The geographic parallels are less obvious, because they come from another part of English history. Tolkien grew up in Birmingham, and Harrison observes that “the Roman road best known to dwellers in Birmingham is the Icknield Street (or Ryknield Street as it is sometimes called to distinguish it from another road of the same name).” The road “runs nearly due north through Birmingham.” In Sutton Park (on the north side of Birmingham), a stretch of three miles “of this fine old road is quite distinct as to direction width, and level, although it is, of course, grass-covered.”[3]

Harrison’s description of the segment of the road preserved in Sutton Park as “grass-covered” exactly matches Tolkien’s explanation of why the once great thoroughfare from Bree to Fornost was now known as the “Greenway.” (F.29, 210) It was overgrown with grass, because it was little used (F.207), but as Harrison points out, the distinctive features of such a construction made it nonetheless easy to follow, and identify as man-made. Even if it did not inspire Tolkien’s Greenway, the Sutton Park Roman Road offers a first-world example of what Tolkien was talking about. It would be a good addition to the “Tolkien Trail” leaflets produced by the city of Birmingham.

The direction that the Roman Road in Sutton Park takes (north) matches the direction of Tolkien’s Greenway, which was otherwise known as the North Road. (F.207) The ancient British road the Ryknield Street, and the Roman road with which it usually coincided lead to Derby. The British road is believed to have crossed the River Derwent via a ford at or near Derby, while the Roman road crossed via a bridge a bit higher up the river. The two roads become one again at the Roman station of Derventio (now Little Chester), which was the “most considerable Roman station in the county.” From there, the road continues north-north-east to Chesterfield.[4]

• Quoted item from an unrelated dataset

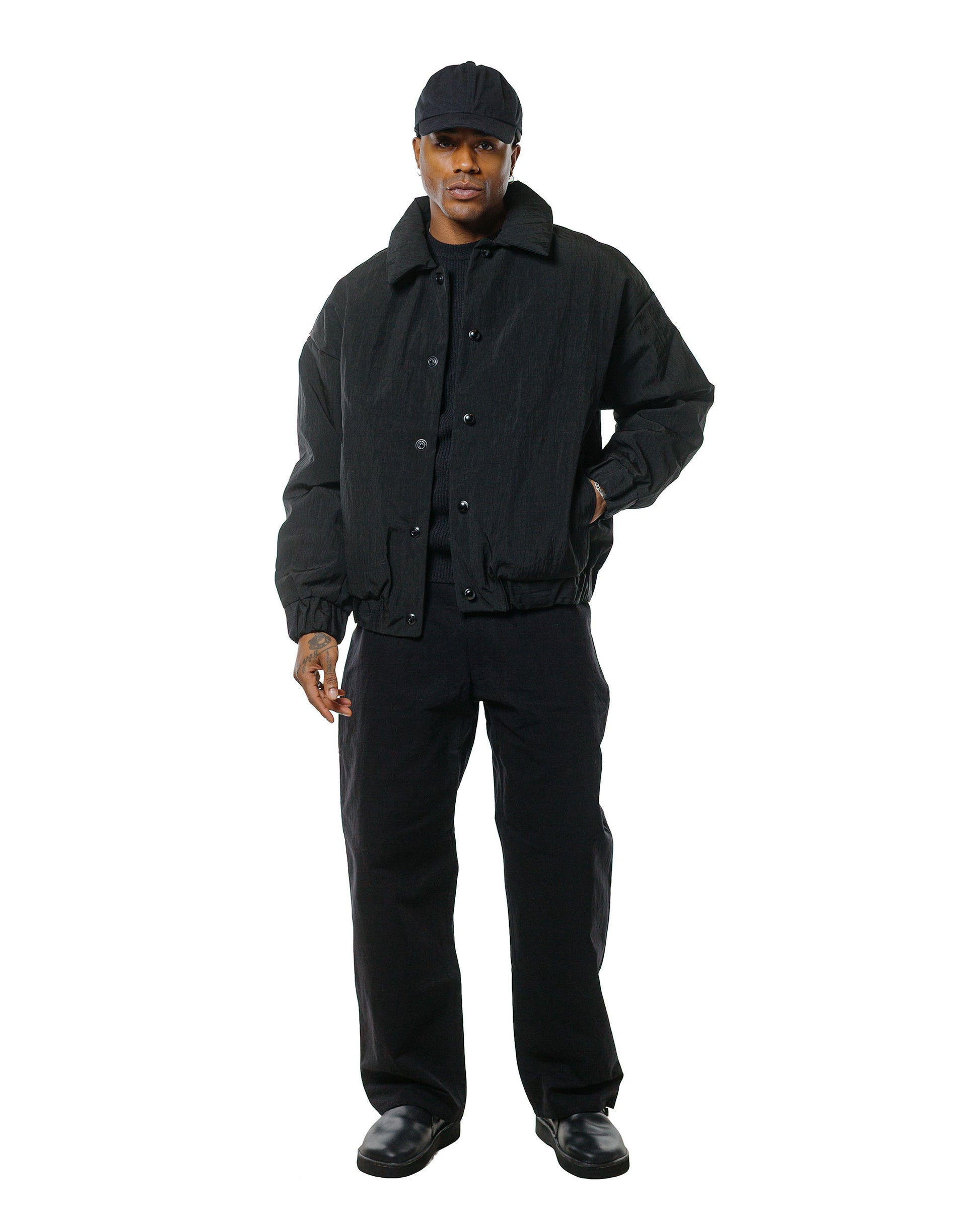 MAN-TLE R0D3 'Down Blouson' Black Nylon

While Fornost was over 100 miles from Bree, it is just over 40 miles from Birmingham to Derby, which is as it should be, because the stuff of myth is always larger than life.

Notes: 
[1] For a discussion of the possible first-world location of Dead Man’s Dike, see: Hooker, The Hobbitonian Anthology, pp.91-92.

[2] Victoria Thompson, Dying and Death in Later Anglo-Saxon England, Woodbridge, Suffolk: Boydell Press, 2012, p. 11.

[3] W. Jerome Harrison, “Some Notes upon a Proposed Photographic Survey of Warwickshire,” (Read before the Birmingham Photographic Society, December llth, 1889), The Midland Naturalist: Journal of the Midland Union of Natural History Societies, volume 13, Birmingham: The Herald Press, 1890, p. 14.

[4] “Derbyshire,” The Imperial Cyclopedia: Cyclopedia of Geography, volume 1 (Abaco—Gujerat): The Geography of the British Empire, 1850, London: Charles Knight, p. 933.